NEW YORK – Taylor Fritz ‘s voice cracked as he tried to put into words at Arthur Ashe Stadium what he was feeling: ‘It’s a dream come true, I’m in the final of the US Open’.
His colleague and compatriot Christopher Eubanks – in the role of commentator and interviewer – announced it on court as if Fritz didn’t know it, before the emotions overcame the world number 12. He is the first local to play for the US Open men’s singles title in 18 years.
Fritz has been the top ranked among the new generation of North American tennis players, but he was the one missing a deep run at a Slam.
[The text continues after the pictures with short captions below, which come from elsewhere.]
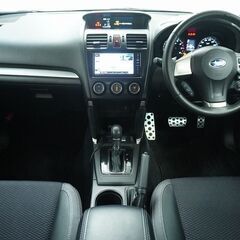 在庫も続々入荷中✨見逃さないで‼️ スバル フォレスター 2.0XT Eyesight🚙の画像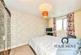 Additional image 6 of Gawber Road, Barnsley S75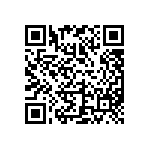 C1210X154M8JACAUTO QRCode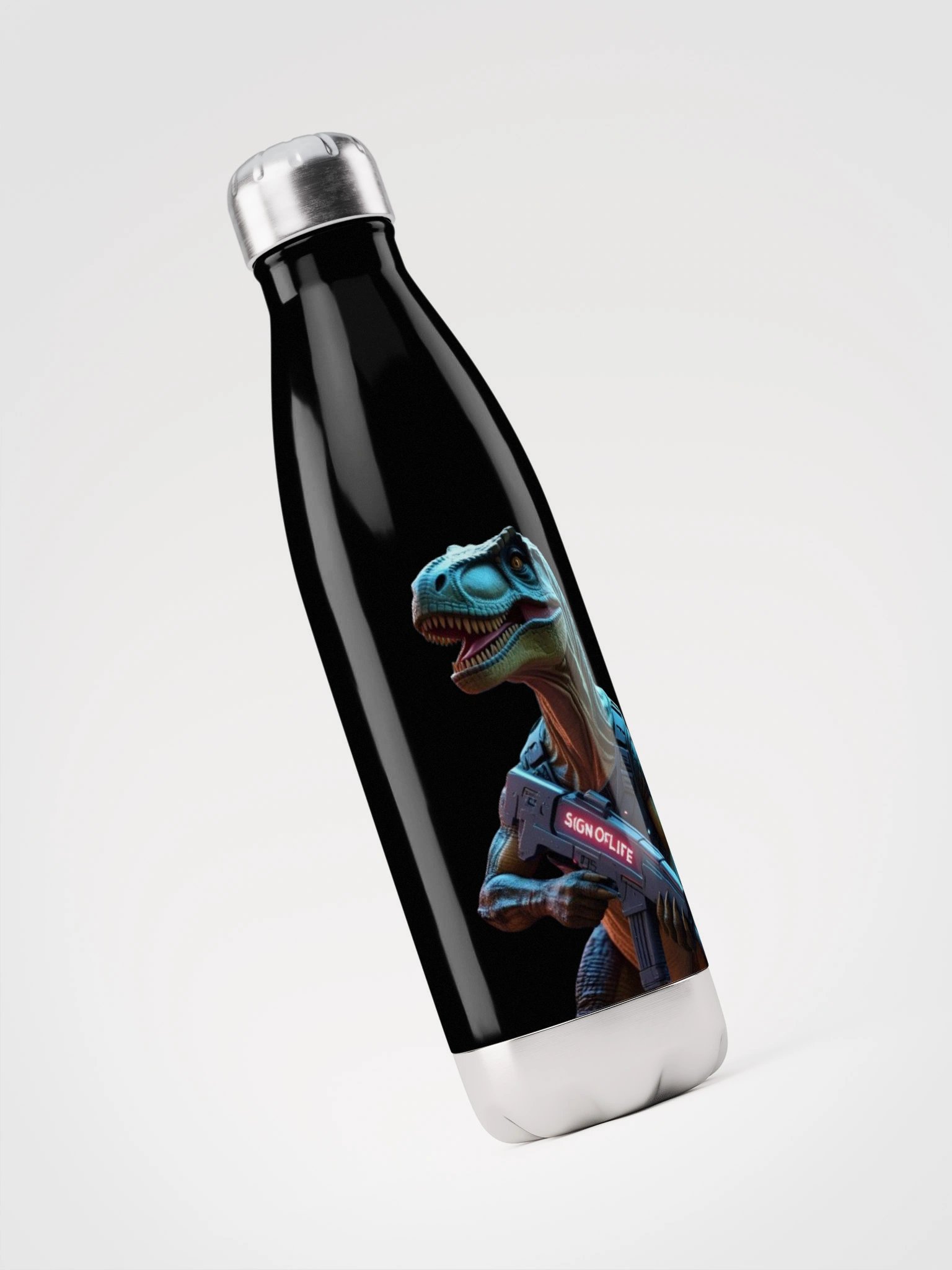 Water bottle product image (3)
Tommy Paul, Ben Shelton and Frances Tiafoe all reached the semi-finals. Fritz lost four times in the quarter-finals. Happy for his friends whom he has known since his junior days, he waited with humility and hard work for his moment, until 2024 in New York.
‘I think the way I handled it mentally was, well, every time I got to the quarter-finals, I played Djokovic. A way to protect my ego,’ he laughed to the media at Flushing Meadows.
Indeed, the Serb was his ceiling twice in Grand Slams. Before that, it was Rafael Nadal at Wimbledon 2022. Until last July, when at the All England Club he crossed paths with Lorenzo Musetti.
‘I had one where I played against Musetti and he completely outplayed me. That’s when I said that the old excuse was no longer valid,’ he said.
On Friday night he beat his teenage friend Tiafoe 4-6, 7-5, 4-6, 6-4, 6-1, and became the chosen one to pay on Sunday the debt of North American tennis, which is going through a significant drought of success in the male side, in relation to its powerful structure in the sport, since the days of Andy Roddick.
The name of the former world number one is the one that comes up again and again: last men’s Grand Slam champion (US Open, 2003), last runner-up in New York (2006), last finalist in any of the four major tournaments (Wimbledon, 2009).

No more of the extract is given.